Tra decreto crescita e riforma degli ordinamenti
La doppia mossa per salvare i Comuni in difficoltà

I conti locali ballano anche lontano dalla Capitale. In prima fila sul ciglio del burrone c’è oggi Reggio Calabria. La città ha costruito un piano di rientro che poggiava sulla possibilità di ripianare in 30 anni l’extra-deficit prodotto dalla cancellazione delle vecchie entrate non riscosse. Ma la norma che permetteva questo rientro lungo, e il finanziamento con anticipazioni di liquidità, è stata dichiarata illegittima dalla Consulta, perché viola la regola aurea scritta all’articolo 119 della Costituzione che permette di indebitarsi solo per investimenti e non per spesa corrente. Appena dietro nel rischio-dissesto arriva Napoli, finora salvata da una serie di interventi che le hanno permesso di andare avanti con il piano anti-dissesto anche se nelle verifiche intermedie la Corte dei conti ha ripetutamente bocciato i bilanci. Alla prossima verifica, sul consuntivo da chiudere entro fine mese, la tagliola della magistratura contabile che imporrebbe il default rischia quindi seriamente di scattare. A Catania il dissesto è arrivato a fine 2018. E anche lontano dalle grandi città, dove fa meno notizia, sono tanti gli enti in bilico.
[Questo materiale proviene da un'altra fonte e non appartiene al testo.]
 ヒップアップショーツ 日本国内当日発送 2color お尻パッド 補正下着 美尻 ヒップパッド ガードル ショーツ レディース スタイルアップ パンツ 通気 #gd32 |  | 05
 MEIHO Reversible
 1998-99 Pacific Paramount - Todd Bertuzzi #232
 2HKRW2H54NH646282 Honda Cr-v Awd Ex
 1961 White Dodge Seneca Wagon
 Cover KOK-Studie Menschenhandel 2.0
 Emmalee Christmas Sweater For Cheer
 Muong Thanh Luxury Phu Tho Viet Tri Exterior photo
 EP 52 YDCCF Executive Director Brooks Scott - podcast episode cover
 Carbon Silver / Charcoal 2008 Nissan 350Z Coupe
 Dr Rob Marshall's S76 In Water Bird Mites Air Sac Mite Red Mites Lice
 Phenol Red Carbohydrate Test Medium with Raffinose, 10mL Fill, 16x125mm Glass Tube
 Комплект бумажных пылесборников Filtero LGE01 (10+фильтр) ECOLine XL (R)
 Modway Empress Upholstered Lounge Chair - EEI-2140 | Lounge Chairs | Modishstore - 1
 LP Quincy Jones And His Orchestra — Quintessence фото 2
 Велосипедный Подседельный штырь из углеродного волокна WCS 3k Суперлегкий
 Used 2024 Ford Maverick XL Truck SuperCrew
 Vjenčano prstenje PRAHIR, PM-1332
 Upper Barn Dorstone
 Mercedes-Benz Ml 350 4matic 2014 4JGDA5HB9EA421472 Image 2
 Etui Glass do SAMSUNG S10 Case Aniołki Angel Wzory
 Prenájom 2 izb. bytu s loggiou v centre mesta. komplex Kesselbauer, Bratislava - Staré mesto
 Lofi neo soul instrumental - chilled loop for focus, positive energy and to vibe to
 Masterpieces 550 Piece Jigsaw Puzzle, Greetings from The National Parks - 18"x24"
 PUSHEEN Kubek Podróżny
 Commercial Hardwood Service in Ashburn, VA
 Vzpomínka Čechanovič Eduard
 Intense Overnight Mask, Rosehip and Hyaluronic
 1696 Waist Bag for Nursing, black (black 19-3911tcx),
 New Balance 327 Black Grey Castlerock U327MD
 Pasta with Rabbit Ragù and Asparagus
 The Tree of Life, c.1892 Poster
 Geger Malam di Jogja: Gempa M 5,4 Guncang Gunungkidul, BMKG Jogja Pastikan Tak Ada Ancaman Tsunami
Intorno a Reggio Calabria si è creato un caso. Nelle settimane scorse il viceministro all’Economia Laura Castelli, che ha la delega sulla finanza locale, ha scritto alla Corte dei conti per chiedere una soluzione. L’ipotesi su cui puntava anche il sindaco di Reggio era un salvagente interpretativo che evitasse il ritorno al ripiano decennale ai piani di riequilibrio già approvati. Ma la Corte non ha seguito questa strada: e con un’interpretazione vincolante la sezione Autonomie (Sole 24 Ore di ieri) ha detto che per gli esercizi finanziari ancora aperti il ripiano dell’extra-deficit va riportato all’oriiginario calendario “breve”. Per Reggio significa alzare la rata annuale da 2,5 a 11 milioni. Per il suo sindaco significa il dissesto. «A questo punto dovremo intervenire in fretta con una norma – spiega il viceministro Castelli – anche perché la decisione della Corte mette a rischio tutti i Comuni che hanno rimodulato i piani in base alle regole poi bocciate dalla Corte costituzionale». L’ipotesi è di inserire nel decreto crescita il paracadute che il governo attendeva dalla sezione Autonomie. «Ma queto inciampo – aggiunge Castelli – dimostra una volta di più l’urgenza della riforma complessiva delle regole sul dissesto, che sono state stravolte nel tempo da troppi interventi su misura di qualche amministratore». La riforma in cantiere punta a cancellare il dissesto, in linea con quanto accaduto nel privato con la riscrittura del diritto fallimentare, e il pre-dissesto, che in sette anni di vita ha finito per fossilizzare più che risolvere le crisi locali. Al testo della delega il Mef ha lavorato con il Viminale, dove a seguire il dossier è il sottosegretario della Lega Stefano Candiani, e con gli amministratori locali. E il tema tornerà mercoledì alla riunione convocata all’Economia con i sindaci dei capoluoghi delle Città metropolitane.